The Electronic Health Information Laboratory (EHIL) was established by the CHEO Research Institute in collaboration with the University of Ottawa in 2005 by the founding director – Dr. Khaled El Emam. The objective of EHIL is to facilitate the sharing of health information for secondary purposes. These secondary purposes include research, public health, data science, comparative effectiveness evaluation, and pharmacovigilance.
The digitization of health information has meant that large amounts of data are readily available for secondary purposes. There is increasing demand for that data from different types of users, including researchers and public health professionals. Privacy legislation and regulations in most jurisdictions allows the disclosure of health information for secondary purposes under specific conditions, for example, if it is non-personal or if patient consent is sought. In addition to the difficulty in getting patient consent in practice, there is compelling evidence that consenters and non-consenters differ systematically on important demographic and socio-economic characteristics. Therefore, sharing non-personal information is the most practical solution to allow such disclosures.
EHIL develops technology to facilitate health data sharing, including data synthesis methods, de-identification methods and secure computation methods to allow public health surveillance or analysis without compromising privacy. The different methods are suitable under different circumstances and constraints, from individual-level data release, on-going surveillance, to interactive remote analysis. EHIL’s research spans:
- Theoretical work (which consists of developing mathematical models and metrics of re-identification risk),
- Empirical work (evaluations of our models and metrics through simulations and controlled studies),
- Applied work (evaluations on large data sets), and
- Knowledge translation (building software tools, instruments, and education).
Currently EHIL is focused on developing methods for the generation and evaluation of synthetic health data. We are working on structured datasets, both cross-sectional and longitudinal. The technologies that we develop are being commercialized by the spin-off company Replica Analytics. The work on data synthesis includes:
- Developing synthetic data generation algorithms that can scale up and down, and that can work with heterogeneous data types.
- Developing a unified privacy model for evaluating the different privacy risks in synthetic data.
- Developing a framework for the evaluation of the utility of synthetic data.

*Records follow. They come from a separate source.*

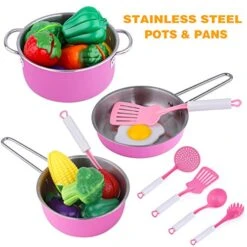 GIFTINBOX Kids Play Kitchen Accessories Set With Play Pots And Pans, Toddler Kitchen Set With Chef Apron And Hat, Birthday Gifts For Girls Toddlers Age 3-5 -Folkmanis Toys Shop 51ZCfUMjTwL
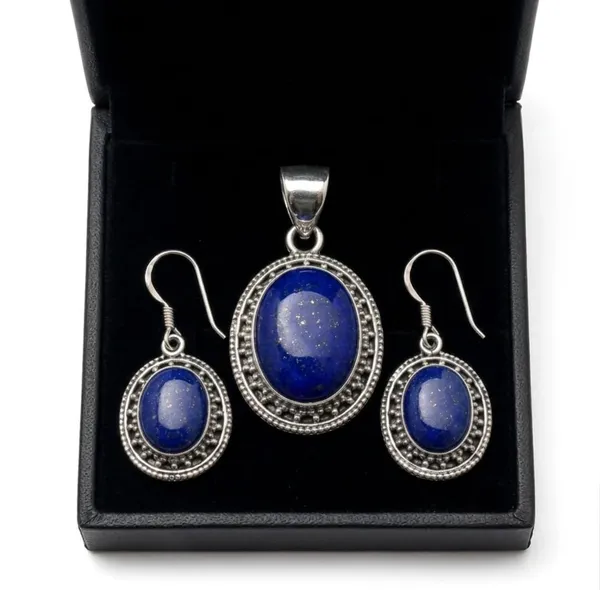 JUS_Lapis_Lazuli_Jewelry_Set_for_Women_925_Sterling_Silver_Oval_Pendant_Necklace_&_Dangle_Earrings_Natural_Blue_Gemstone_Vintage_Boho_Statement_Set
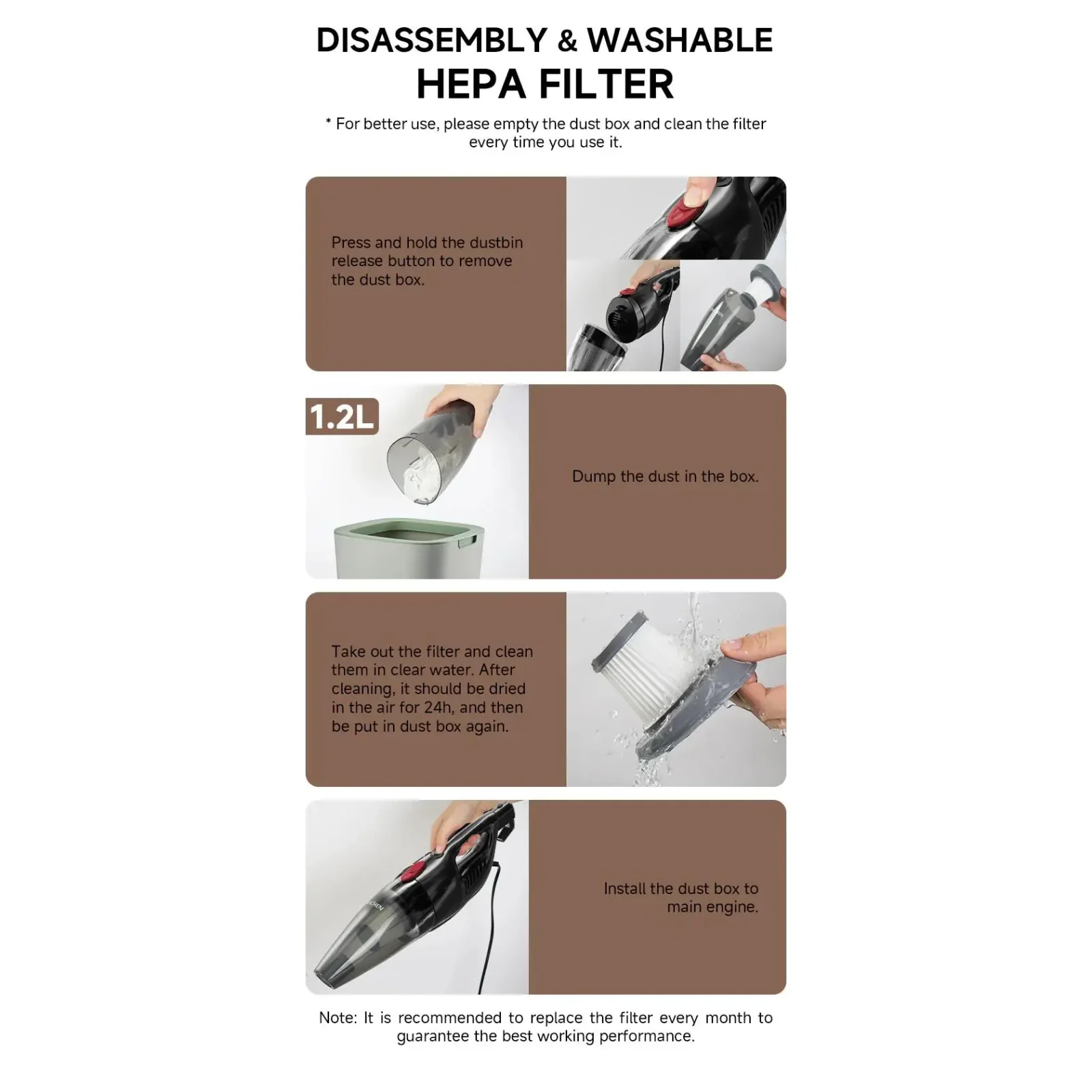 Вертикальний пилосос ENCHEN Vacuum Cleaner V1 Black UA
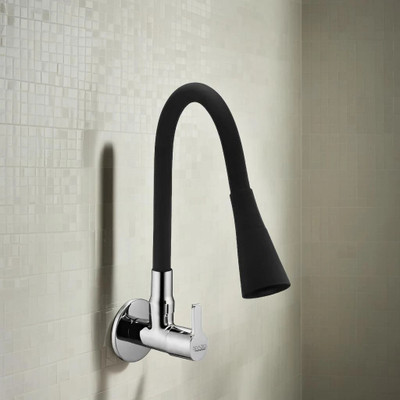 Spazio Silicon Swivel Spout & Dual Flow Pattern For Hot OR Cold Water With Wall Flange SmartBuy Fusion Sink Cock - Flxo Play With 360 Degree Flexible Black Pillar Tap Faucet(Wall Mount Installation Type)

- Investigating the application of data synthesis for the simulation of virtual patients to augment real patients recruited in clinical studies.
Historically our work in this area has consisted of:
- Performing empirical risk assessments on health information “leaks”,
- Developing metrics to evaluate re-identification risk for clinical and geospatial data,
- Developing methods and models for the generation of synthetic data,
- Developing algorithms to de-identify large data sets, including longitudinal, cross-sectional, and free-form text data,
- Developing secure computation methods and tools that allow sophisticated analysis, disease surveillance and linking of registries without sharing personal information.